Intel unveiled its Core Ultra Series 3 processors at CES 2026, promising 76% faster gaming performance than its previous Lunar Lake chips. The Panther Lake architecture delivers up to 60% better CPU performance and targets handheld gaming devices.
Pre-orders for laptops with the new chips begin today, January 6, with global shipping starting January 27. Over 200 laptop designs from global partners will feature the Series 3 processors, according to Intel's CES announcement.
The top-end Core Ultra 388H features 16 CPU cores with a 5.1GHz maximum frequency and Intel Arc B390 graphics with 12 Xe3 GPU cores. Intel claims this configuration can run Battlefield 6 at 147fps on 1080p Overkill settings using integrated graphics alone.
Panther Lake's graphics architecture separates GPU cores onto their own tile, providing 50% more GPU cores and double the cache compared to Lunar Lake. The new XeSS 3 upscaler includes multi-frame generation technology similar to Nvidia's Maxwell cards.
Battery life improvements represent another major focus, with Intel promising up to 19 hours of video streaming and 9 hours of continuous Microsoft Teams meetings, according to company claims. The 18A manufacturing process uses new RibbonFET gates for more efficient power delivery.

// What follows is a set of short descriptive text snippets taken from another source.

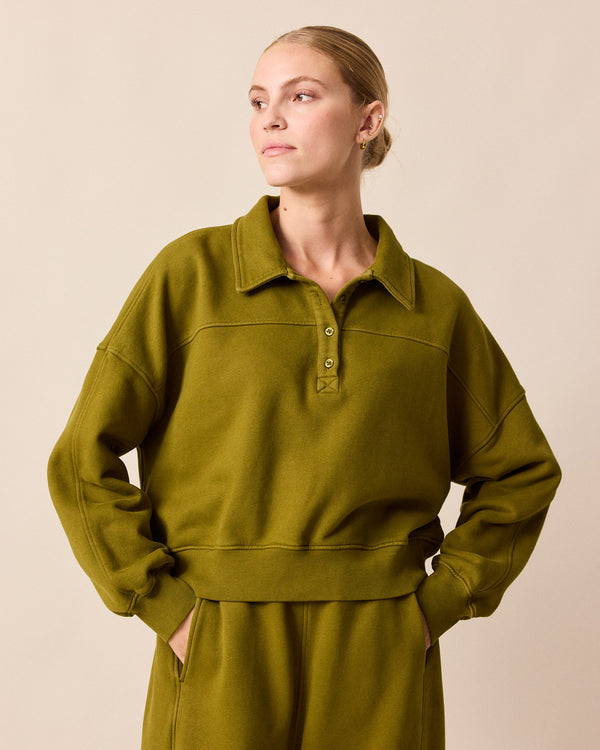 model wears cleo fresh olive jersey jumper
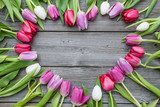 Frame of fresh tulips arranged on old wooden background 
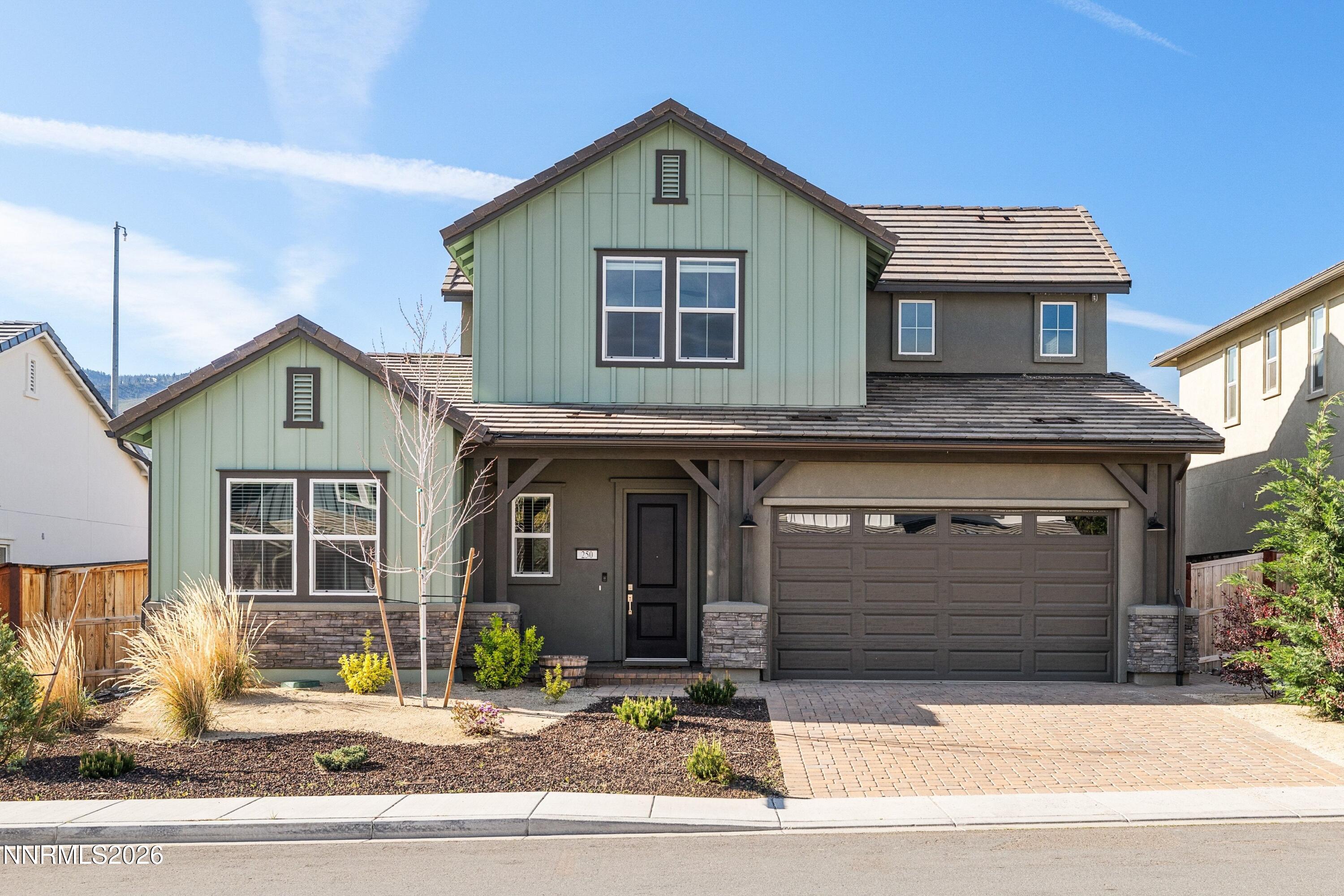 250 Commodore Drive Verdi, NV 89439 - Photo 2 of 49 a front view of a house with a garage and windows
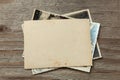 Stack old photos on table. Mock-up blank paper. Postcard rumpled and dirty vintage Royalty Free Stock Photo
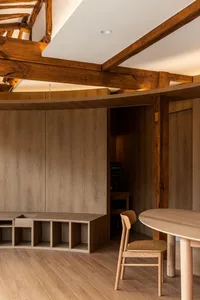 Modern residential kitchen featuring timber elements.
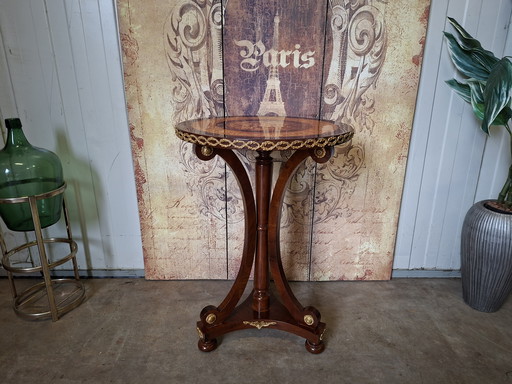 Mesa central redonda clásica de chapa de nogal con marquetería, base ornamentada y herrajes de latón.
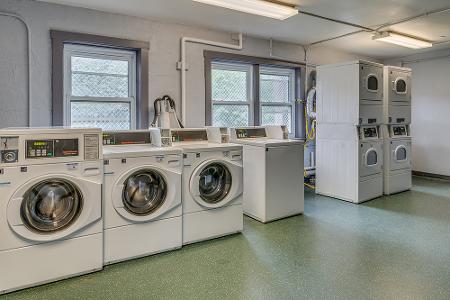 Seton Court laundry room featuring multiple washing machines and multiple dryers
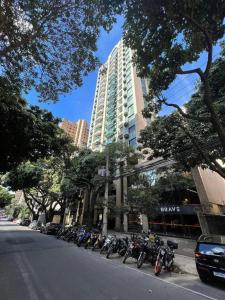 a row of motorcycles parked on the side of a street at Volpi Residence Savassi - VIP - Sinta-se em casa in Belo Horizonte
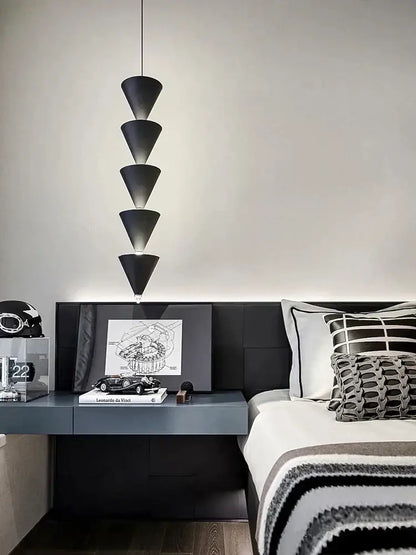 Minimalist black and cream bedroom chandelier with stacked conical pendant light above modern decorbites cream bedroom table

Intel also confirmed plans for a dedicated handheld gaming platform based on Panther Lake chips. The company aims to challenge AMD's dominance in the portable gaming PC market with this specialized hardware.
AI performance reaches up to 180 TOPS total compute power according to Intel, surpassing Lunar Lake's 120 TOPS. The neural processing unit delivers 50 TOPS specifically for AI workloads, positioning Panther Lake as Intel's fastest consumer chip for AI processing.
Wi-Fi 7 support comes standard, though Thunderbolt 5 connectivity remains absent. The chipmaker described its 18A process as "the most advanced semiconductor process ever developed and manufactured in the United States."
Competition intensifies as Qualcomm launched its Snapdragon X2 Plus chips on the same day, also emphasizing battery life improvements. Intel senior VP Jim Johnson called 2026 "one of the most interesting times" he's experienced at the company.
The gaming performance claims depend heavily on XeSS 3's frame generation technology, which creates artificial frames to boost perceived performance. Real-world efficiency gains remain unverified until independent testing begins later this month.